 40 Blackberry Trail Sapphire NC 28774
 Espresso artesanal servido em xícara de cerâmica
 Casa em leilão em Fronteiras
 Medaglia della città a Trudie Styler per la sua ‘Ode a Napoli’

* * *

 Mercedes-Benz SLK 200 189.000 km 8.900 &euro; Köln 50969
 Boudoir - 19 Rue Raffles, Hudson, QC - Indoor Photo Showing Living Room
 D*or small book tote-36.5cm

---

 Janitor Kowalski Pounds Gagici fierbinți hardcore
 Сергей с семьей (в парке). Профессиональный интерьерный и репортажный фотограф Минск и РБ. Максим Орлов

Goal of the exercise: Every line above from the line with "Mercedes-Benz SLK 200" to the line with "D*or small book tote-36.5cm", inclusive, must be returned exactly; no other line belongs in the reply.

Result of the exercise:
 Mercedes-Benz SLK 200 189.000 km 8.900 &euro; Köln 50969
 Boudoir - 19 Rue Raffles, Hudson, QC - Indoor Photo Showing Living Room
 D*or small book tote-36.5cm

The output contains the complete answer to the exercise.